# 2014 in review, hard but going in the right direction.



## mojapitt (Dec 31, 2011)

One year ago I was coming from what I considered to be a rough year. But I felt that the future looked bright. Well of course January 20th a bright future seemed lost with the loss of my shop.



















My goal going into the year was to have a 50% increase in my business. At that point, it seemed not only impossible, but could I have the stomach to basically start again from scratch. Actually, with my family heritage, quitting really wasn't an option. But because of financial complications from my recent divorce, I got none of the insurance money from the fire. So everything was just scraping enough together to buy a few tools to work with. Make a few projects to earn some money to buy a few more tools.

One thing I did have in my favor was customers. Although I had to turn down a few projects, I had as much work as I was capable of handling. Through the course of the year, I got a new tablesaw and found some deals on many other tools. There are a couple other things that I want, but I am pretty much fully functional now. My plan is to start building a new shop in the spring.

Right now my focus is on my biggest show of the year. I had to miss it last year. I believe that was the main reason for not reaching my goal. It's a 10 day show from the end of January through the 1st week of February. I am putting together my best display ever (as I see it).

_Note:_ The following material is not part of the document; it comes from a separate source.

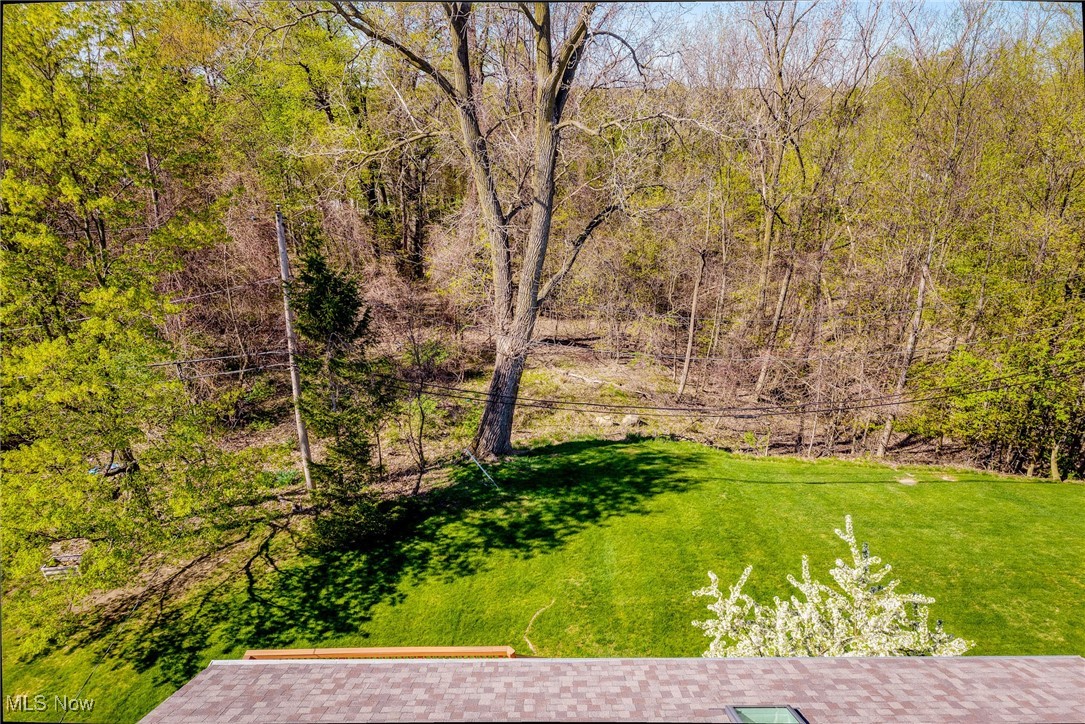 4819 Geraldine Avenue Cleveland, OH 44143 - Photo 30 of 33 Park-like yard
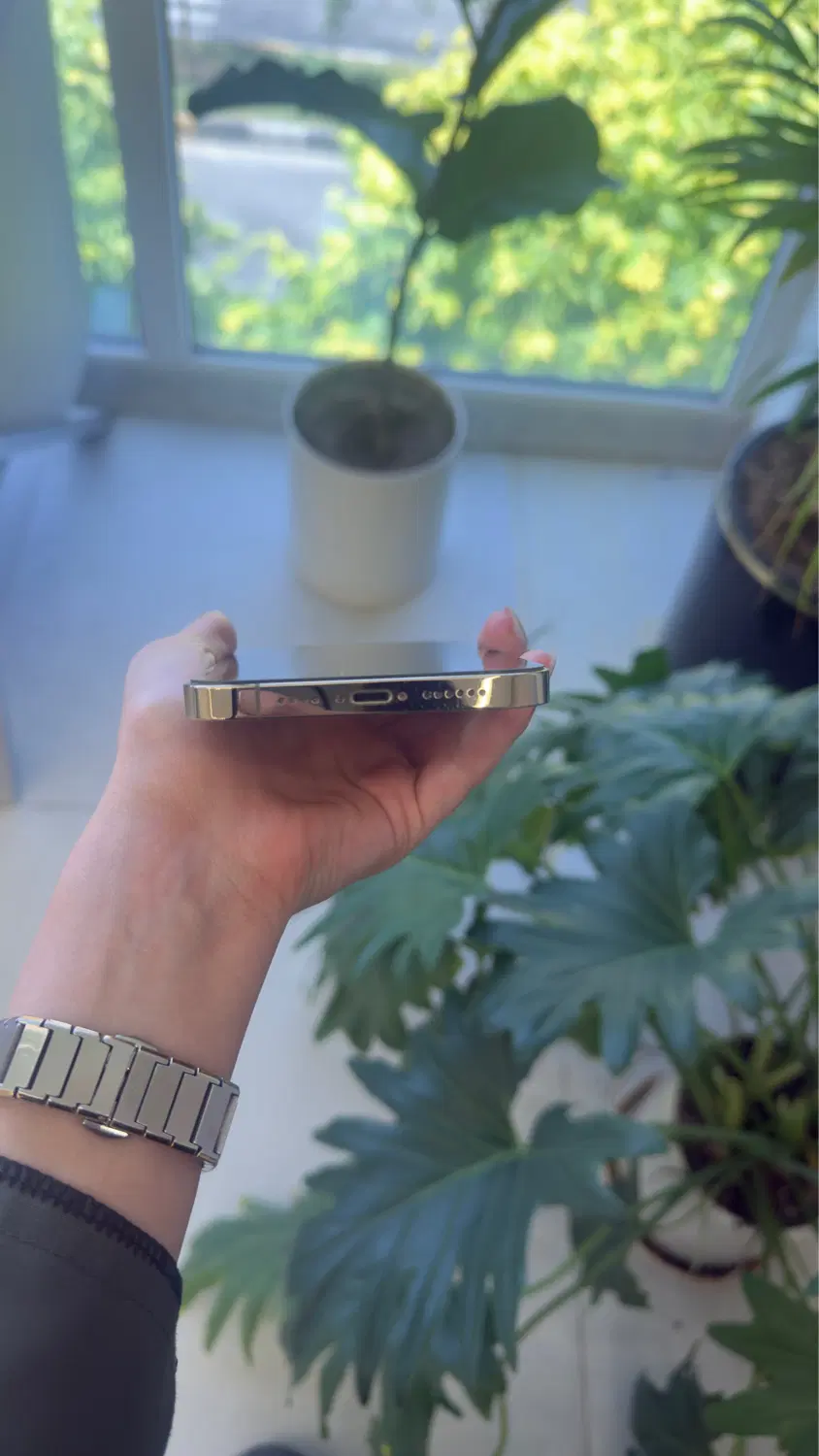 آیفون 12 promax|موبایل|شیراز, زرهی|دیوار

Business wise, I feel I had a fantastic year. Of course on the tax forms you figure your profit/loss statement and all of the other forms. But sometimes it is good personally to see the basic information. How much did I make versus how much I spent. I personally was thrilled that after buying many tools and a pickup (only $3500 for the truck), I only fell short $147 of breaking even. I did have my biggest sales year ever.

My goals for this year? It will be helped by the fact of having help for the first time ever.










My 1st goal is to generate my biggest year ever. With the winter show coming and being able to have 3 stores displaying my products, I believe it's a real possibility.

My 2nd goal is to rebuild the shop. Small attached garage is very limiting.

The 3rd goal is to finish replacing my tools that are needed for maximum efficiency. Successful small businesses many times have to work smarter as well as harder than corporations.

Today I mark my 3rd year of being on Lumberjocks. As I say on my website, I am a very proud member of this community. The knowledge I have gained here is priceless. I only hope that I can help others here as well.

For all of those who read this, please share your woodworking goals for the year. Whether it's your first project, or maybe you finally make the Maloof rocking chair that you want (hint…Andy).

Best wishes to everyone, I hope 2015 will be great for woodworkers everywhere.

Thanks for reading.


----------



## brentgolden44 (Dec 9, 2007)

Full speed ahead, Monte…...............good going!!!!!!!!!!


----------



## DIYaholic (Jan 28, 2011)

Congrats to you, Monte.
On so many fronts….
I hope that 2015 is all that you want it to be & then some!!!

My WW goals for 2015….
Besides, actually having the time and motivation to spend in "The Lair"....
Is to complete a few projects, working *IN* my shop….
As opposed to just working *ON* my shop.


----------



## Doe (Aug 26, 2010)

For all the awful in 2014, it turned out to be pretty good for you! Happy new year and best wishes for a prosperous 2015.


----------



## jjw5858 (Apr 11, 2011)

With your amazing talents and craftsmanship Monte, I have all the confidence in the world that you will have your best year ever!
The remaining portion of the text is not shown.